In 2005, NHF was sued by a Texas couple in connection with charitable split dollar plans. In 1997, the plaintiffs created Trusts that participated in the split dollar plans. When the law changed, their estate planning attorney, who was the Trustee of their trusts, transferred the ownership of the policies to NHF, in order to benefit a local order of nuns, the charity that the plaintiffs had designated as the cause they wished to support. Under the new law, a private person could no longer be a beneficiary on an insurance policy owned by a charity. Therefore, as owners of the policies, NHF first changed the beneficiary to NHF, and ultimately changed it to the order of nuns selected by the plaintiffs.
In their lawsuit, despite the fact that they had at their disposal the advice and counsel of their estate planning attorney, financial planners and CPA, the plaintiffs claimed they were unaware of the change in law and their Trustee’s transfer of the policies to NHF for the purpose of transferring the beneficiaries in order to eliminate the IRS issues. They further claimed that their donations were not donations, but were only payments made for their insurance premiums. However, from 1997 through 2003, the plaintiffs took charitable deductions on their tax returns and represented to the IRS that the donations were “unrestricted” contributions. Consistent with its charter, at all times, NHF’s primary focus and concern was for charity, and all actions taken by NHF were for that very purpose.

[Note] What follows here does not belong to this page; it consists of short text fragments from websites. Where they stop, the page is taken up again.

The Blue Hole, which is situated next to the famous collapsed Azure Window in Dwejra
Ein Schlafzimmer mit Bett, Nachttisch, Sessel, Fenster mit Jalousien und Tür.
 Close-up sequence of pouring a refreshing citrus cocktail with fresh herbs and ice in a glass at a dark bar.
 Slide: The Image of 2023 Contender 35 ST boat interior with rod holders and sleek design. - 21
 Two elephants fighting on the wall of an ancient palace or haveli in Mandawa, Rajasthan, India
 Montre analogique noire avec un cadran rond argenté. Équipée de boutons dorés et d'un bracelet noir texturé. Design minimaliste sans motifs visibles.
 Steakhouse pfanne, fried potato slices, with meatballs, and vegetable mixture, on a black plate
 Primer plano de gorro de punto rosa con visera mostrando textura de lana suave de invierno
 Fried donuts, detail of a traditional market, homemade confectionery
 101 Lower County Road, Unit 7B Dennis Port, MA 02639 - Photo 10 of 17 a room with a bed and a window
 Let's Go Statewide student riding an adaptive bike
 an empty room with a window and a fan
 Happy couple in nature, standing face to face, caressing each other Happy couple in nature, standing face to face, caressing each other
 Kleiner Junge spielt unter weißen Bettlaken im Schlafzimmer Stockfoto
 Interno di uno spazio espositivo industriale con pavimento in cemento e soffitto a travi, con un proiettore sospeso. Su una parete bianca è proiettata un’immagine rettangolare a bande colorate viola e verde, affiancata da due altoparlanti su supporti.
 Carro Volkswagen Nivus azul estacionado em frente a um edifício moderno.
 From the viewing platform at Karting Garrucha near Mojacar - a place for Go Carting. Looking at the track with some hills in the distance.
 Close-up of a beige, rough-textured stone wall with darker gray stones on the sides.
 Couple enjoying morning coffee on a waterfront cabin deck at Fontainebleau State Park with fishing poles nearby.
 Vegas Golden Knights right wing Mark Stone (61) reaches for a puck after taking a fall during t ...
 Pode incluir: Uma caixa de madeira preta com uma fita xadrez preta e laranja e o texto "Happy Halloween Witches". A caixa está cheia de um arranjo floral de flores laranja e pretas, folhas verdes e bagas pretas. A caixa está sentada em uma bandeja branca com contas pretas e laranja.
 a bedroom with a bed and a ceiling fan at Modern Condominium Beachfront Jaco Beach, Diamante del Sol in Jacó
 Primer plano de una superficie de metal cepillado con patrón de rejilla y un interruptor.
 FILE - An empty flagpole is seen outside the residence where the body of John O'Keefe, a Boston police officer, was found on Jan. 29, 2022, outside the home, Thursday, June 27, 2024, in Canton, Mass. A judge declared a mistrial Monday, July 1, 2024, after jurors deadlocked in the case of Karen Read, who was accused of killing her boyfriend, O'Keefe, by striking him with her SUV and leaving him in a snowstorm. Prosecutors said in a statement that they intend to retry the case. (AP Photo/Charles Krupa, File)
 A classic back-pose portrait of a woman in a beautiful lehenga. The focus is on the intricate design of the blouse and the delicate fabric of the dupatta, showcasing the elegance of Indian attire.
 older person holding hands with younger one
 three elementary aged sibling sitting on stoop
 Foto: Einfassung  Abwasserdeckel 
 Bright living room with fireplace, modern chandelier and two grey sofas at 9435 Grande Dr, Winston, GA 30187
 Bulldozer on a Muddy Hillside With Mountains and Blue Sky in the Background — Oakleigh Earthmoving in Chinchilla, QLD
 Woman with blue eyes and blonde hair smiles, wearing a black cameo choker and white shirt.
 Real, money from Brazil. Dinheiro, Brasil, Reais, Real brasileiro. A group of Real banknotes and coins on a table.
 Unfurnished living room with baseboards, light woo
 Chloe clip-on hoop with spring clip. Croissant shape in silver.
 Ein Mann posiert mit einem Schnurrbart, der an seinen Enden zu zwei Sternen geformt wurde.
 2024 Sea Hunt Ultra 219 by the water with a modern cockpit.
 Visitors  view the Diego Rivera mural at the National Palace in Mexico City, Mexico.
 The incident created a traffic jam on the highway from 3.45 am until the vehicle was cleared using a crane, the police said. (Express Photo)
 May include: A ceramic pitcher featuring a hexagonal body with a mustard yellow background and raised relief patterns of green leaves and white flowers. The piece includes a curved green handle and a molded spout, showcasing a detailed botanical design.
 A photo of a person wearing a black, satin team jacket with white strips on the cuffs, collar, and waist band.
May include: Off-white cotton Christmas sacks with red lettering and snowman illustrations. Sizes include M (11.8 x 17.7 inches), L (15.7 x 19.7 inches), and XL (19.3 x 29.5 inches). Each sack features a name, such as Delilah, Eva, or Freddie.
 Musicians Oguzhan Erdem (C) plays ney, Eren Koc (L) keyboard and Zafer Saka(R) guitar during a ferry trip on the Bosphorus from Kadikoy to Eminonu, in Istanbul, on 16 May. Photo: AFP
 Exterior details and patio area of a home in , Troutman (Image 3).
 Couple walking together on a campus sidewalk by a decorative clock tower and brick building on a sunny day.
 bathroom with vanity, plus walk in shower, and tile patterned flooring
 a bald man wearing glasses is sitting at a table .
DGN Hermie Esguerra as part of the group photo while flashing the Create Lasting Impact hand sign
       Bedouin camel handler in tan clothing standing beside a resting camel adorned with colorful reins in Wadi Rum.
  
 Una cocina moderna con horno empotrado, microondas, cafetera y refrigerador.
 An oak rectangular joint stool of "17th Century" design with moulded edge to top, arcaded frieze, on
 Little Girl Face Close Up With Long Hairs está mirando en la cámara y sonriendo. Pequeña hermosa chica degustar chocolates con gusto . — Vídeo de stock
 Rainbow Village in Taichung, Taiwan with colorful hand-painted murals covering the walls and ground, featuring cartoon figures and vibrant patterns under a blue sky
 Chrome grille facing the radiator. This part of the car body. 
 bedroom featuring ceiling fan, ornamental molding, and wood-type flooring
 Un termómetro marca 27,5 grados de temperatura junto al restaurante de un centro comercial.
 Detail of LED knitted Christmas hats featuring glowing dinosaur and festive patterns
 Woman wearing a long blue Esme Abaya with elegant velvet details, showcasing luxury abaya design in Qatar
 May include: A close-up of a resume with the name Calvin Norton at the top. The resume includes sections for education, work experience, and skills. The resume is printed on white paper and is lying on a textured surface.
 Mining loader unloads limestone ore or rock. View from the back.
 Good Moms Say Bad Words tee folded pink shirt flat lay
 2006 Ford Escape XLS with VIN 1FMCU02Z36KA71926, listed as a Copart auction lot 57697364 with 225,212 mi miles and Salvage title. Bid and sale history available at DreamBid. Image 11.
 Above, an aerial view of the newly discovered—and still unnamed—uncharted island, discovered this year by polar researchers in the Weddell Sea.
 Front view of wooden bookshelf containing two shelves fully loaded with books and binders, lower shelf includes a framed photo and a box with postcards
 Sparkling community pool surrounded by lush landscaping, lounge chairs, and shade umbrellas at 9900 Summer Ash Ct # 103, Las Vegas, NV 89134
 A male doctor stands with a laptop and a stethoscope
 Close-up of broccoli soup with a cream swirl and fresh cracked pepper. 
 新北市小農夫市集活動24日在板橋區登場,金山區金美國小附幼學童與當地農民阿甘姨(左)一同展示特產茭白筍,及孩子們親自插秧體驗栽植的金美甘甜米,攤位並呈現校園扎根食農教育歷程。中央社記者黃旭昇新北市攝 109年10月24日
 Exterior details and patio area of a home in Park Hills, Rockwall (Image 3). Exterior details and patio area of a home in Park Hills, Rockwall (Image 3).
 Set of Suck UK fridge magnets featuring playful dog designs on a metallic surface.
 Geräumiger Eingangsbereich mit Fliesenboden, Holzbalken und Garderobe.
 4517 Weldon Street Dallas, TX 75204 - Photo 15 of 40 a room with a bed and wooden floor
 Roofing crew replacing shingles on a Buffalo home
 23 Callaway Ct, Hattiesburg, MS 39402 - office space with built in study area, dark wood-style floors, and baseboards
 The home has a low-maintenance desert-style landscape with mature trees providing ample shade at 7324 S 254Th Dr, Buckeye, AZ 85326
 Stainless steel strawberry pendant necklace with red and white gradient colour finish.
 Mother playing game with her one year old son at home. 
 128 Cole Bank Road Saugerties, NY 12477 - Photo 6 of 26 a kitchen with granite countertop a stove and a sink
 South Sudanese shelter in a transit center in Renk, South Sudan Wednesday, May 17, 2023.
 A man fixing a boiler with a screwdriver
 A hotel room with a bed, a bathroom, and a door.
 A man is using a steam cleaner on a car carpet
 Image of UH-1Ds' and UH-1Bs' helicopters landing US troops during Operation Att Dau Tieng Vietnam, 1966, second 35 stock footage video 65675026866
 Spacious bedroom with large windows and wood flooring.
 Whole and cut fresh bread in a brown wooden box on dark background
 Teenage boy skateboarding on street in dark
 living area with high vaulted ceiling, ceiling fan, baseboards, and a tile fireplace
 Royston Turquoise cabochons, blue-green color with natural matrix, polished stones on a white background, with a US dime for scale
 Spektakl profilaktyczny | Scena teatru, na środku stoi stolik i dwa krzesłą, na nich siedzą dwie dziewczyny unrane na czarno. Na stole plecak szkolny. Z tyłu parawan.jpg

In a split 10-2 verdict, despite significant evidence to the contrary, the jury found in favor of the plaintiffs. NHF respectfully disagrees with the verdict and plans to appeal its findings. NHF is hopeful that the appellate court will address significant legal and factual issues raised in this case that will alter the outcome. While that appeal is pending, NHF remains committed to its core philosophy of supporting charitable endeavors on behalf of its many committed donors.
NPR reported last Friday on the effect of increased government scrutiny of muslim charities on donations to those charities. Here is the abstract:
Muslims around the world are observing the holy month of Ramadan, a time set aside by observant Muslims for fasting and prayer. Another important obligation tied to Ramadan is Zakat, the practice of offering of money to the needy. Imam Hassan Qazwini and attorney Arsalan Iftikhar discuss government scrutiny of charitable giving in a post-Sept. 11 world and the affect on donations.
Monday, September 22, 2008
If charities catch a cold when Wall Street sneezes, what should they expect in the coming weeks? Wall Street has a very bad case of pneumonia and is essentially on life support as we speak. According to a WSJ article in today's paper, Charities are in for some seriously tough times:
The failure of Lehman Brothers Holdings Inc. and pain at other big firms threaten to cut into the corporate and individual donations that more than a million nonprofit organizations rely on for basic operations and charitable programs. Officials at charities are trying to devise creative ways to stand out. They are making urgent appeals through direct-mail and email campaigns and taking to the airwaves. Charities also are gearing up to tap their wealthy board members and other well-off supporters for extra cash. If they fail, charities may have to cut staff or seek loans. At Covenant House New York, the nation's largest adolescent-care agency, which serves homeless, runaway and at-risk youths, board members convened Thursday and discussed a possible "doomsday" scenario in case they lose upwards of 40% of their income, said Georgia Boothe, the nonprofit's associate executive director. The charity needs to raise about $3 million through direct mail in December, she said, adding, "We're worried." Direct-mail giving in July was off 15%, she said.
"There will be fewer dollars coming in the doors," he said. "There needs to be thought given to strategic alliances, partnerships, back office consolidation, mergers and acquisitions. In many ways, it's a variation on what's going on Wall Street." The collapse of corporate balance sheets, along with strained household budgets, could start cutting into the more-than-$300 billion national charitable-giving pie. U.S. charitable donations only grew by 1% adjusted for inflation in 2007, according to the Giving USA Foundation. That was before the worst of the housing correction and the current Wall Street crisis.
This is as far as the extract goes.